DIRECTIONS FOR THIS TASK
What is needed is a word-for-word copy of all the entries, minus the pictures.

Content starts

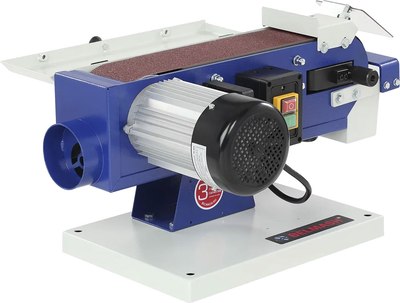 Шлифовальный станок БЕЛМАШ BSM-484T (S314A)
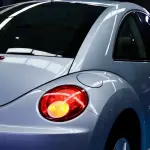 Volkswagen Beetle 2010 102 л.с. из Китая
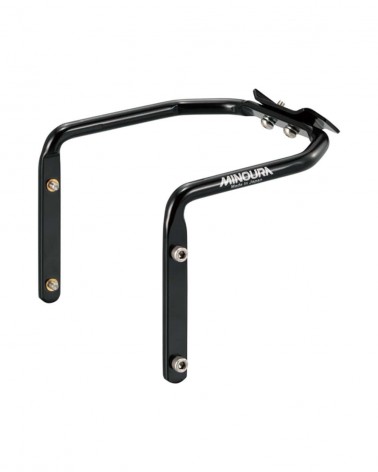 Stabilisateur sacoche selle MINOURA
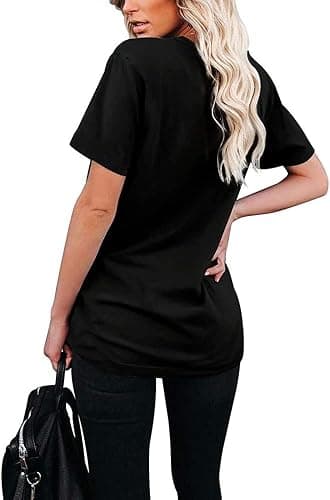 Live Like Beth Dont Make Me Go Country Tees Womens Top thumbnail 5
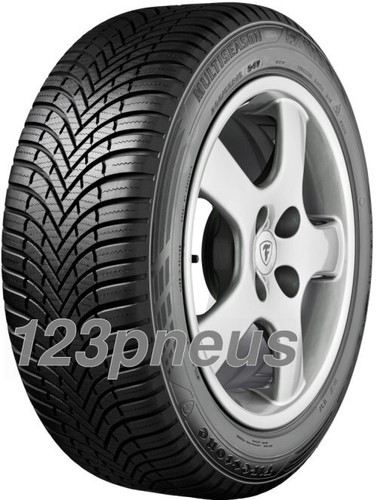 Pneus toutes saisons firestone - toutes,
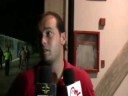 Deportivo Italia entrevista Eduardo Sarago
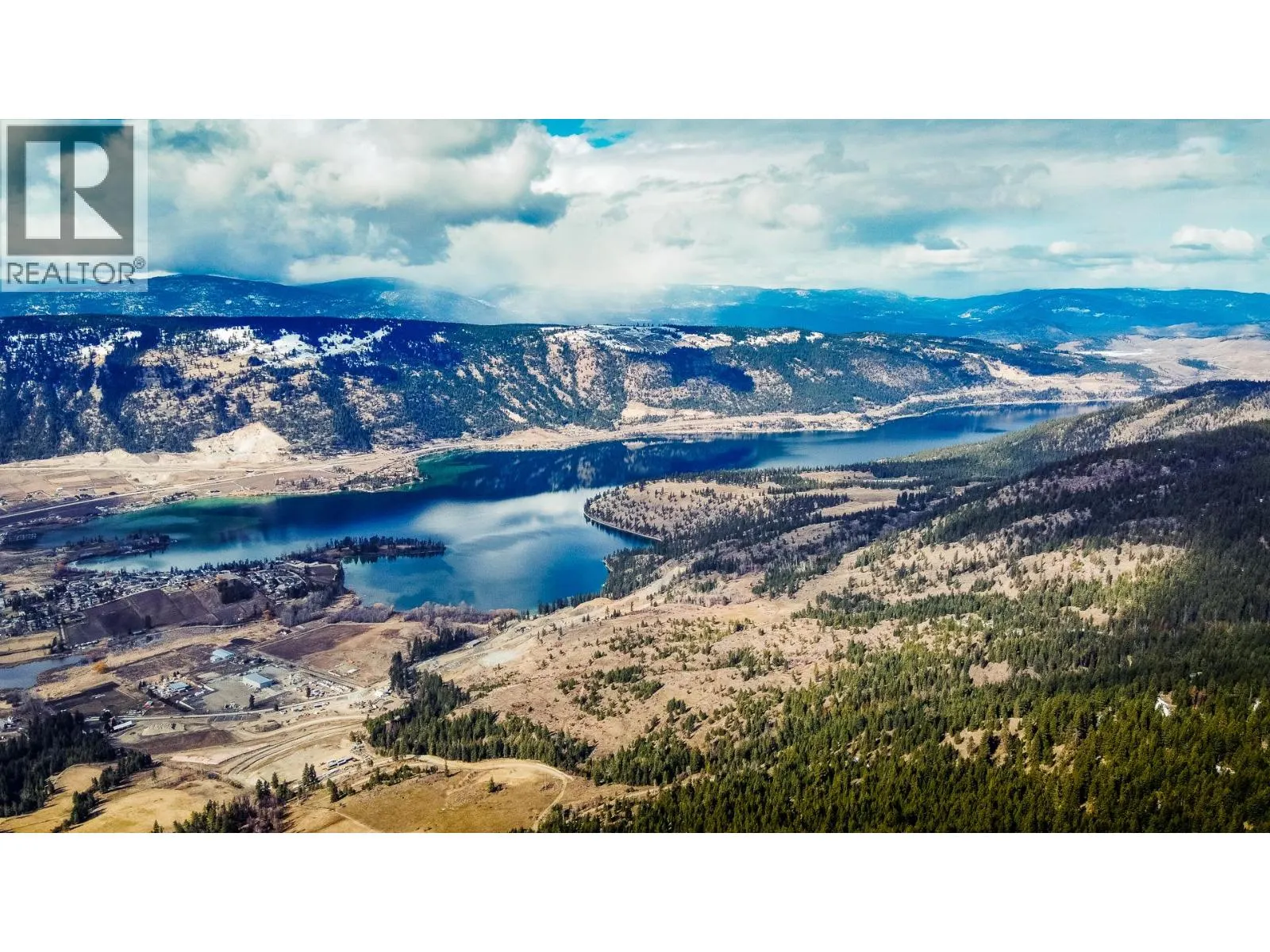 6055 Oyama Lake Road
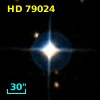 HD  79024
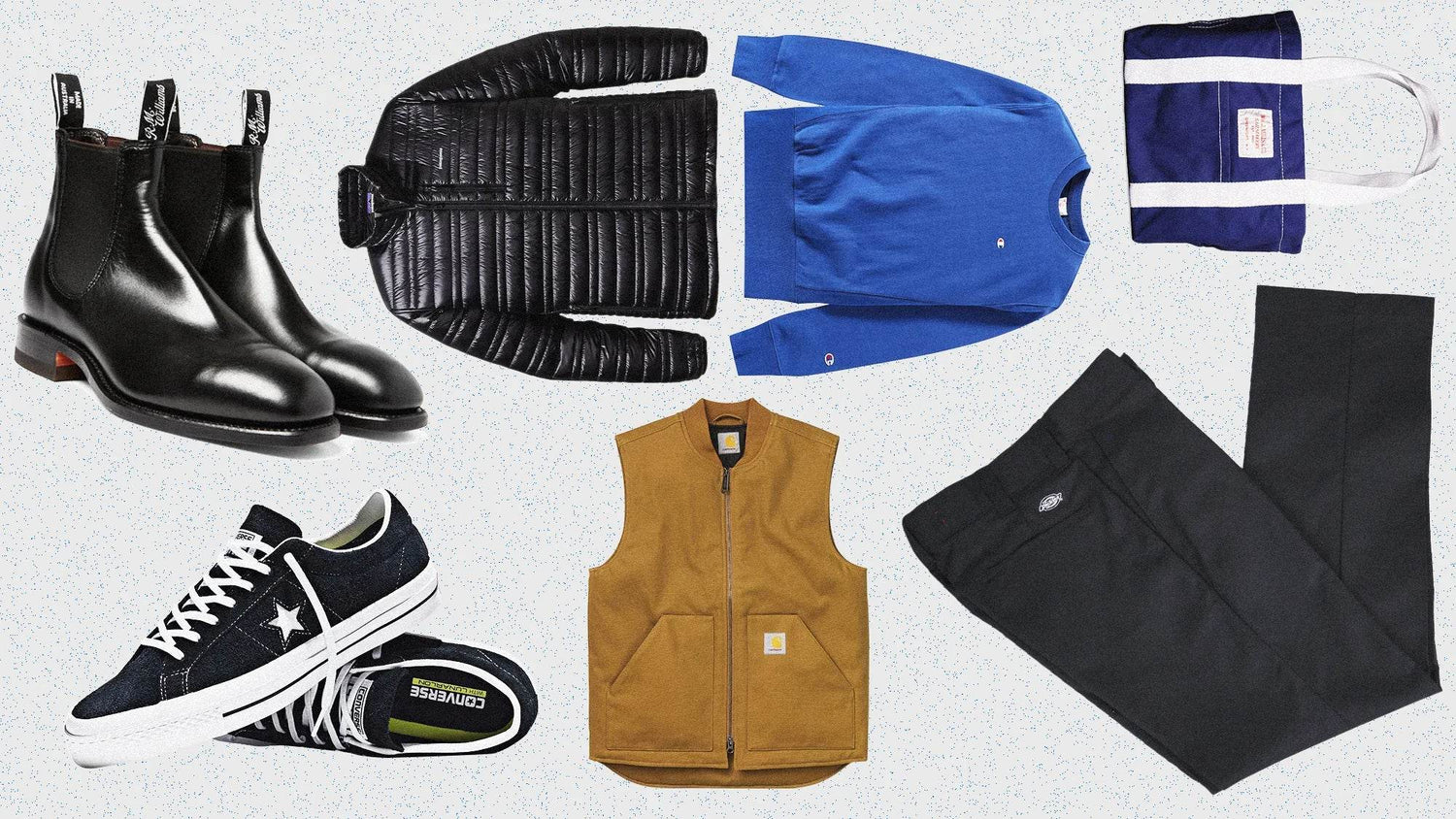 Apparel and Footwear - Uncle Mike's Outdoors and More!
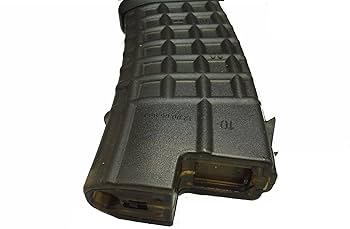 東京マルイ ステアー STEYR AUG 330連射マガジン×2 AIRSOFT97 本店通販部 / 東京マルイ ステアーAUG用 330連マガジン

Content ends

YOUR SOLUTION
 Шлифовальный станок БЕЛМАШ BSM-484T (S314A)
 Volkswagen Beetle 2010 102 л.с. из Китая
 Stabilisateur sacoche selle MINOURA
 Live Like Beth Dont Make Me Go Country Tees Womens Top thumbnail 5
 Pneus toutes saisons firestone - toutes,
 Deportivo Italia entrevista Eduardo Sarago
 6055 Oyama Lake Road
 HD  79024
 Apparel and Footwear - Uncle Mike's Outdoors and More!
 東京マルイ ステアー STEYR AUG 330連射マガジン×2 AIRSOFT97 本店通販部 / 東京マルイ ステアーAUG用 330連マガジン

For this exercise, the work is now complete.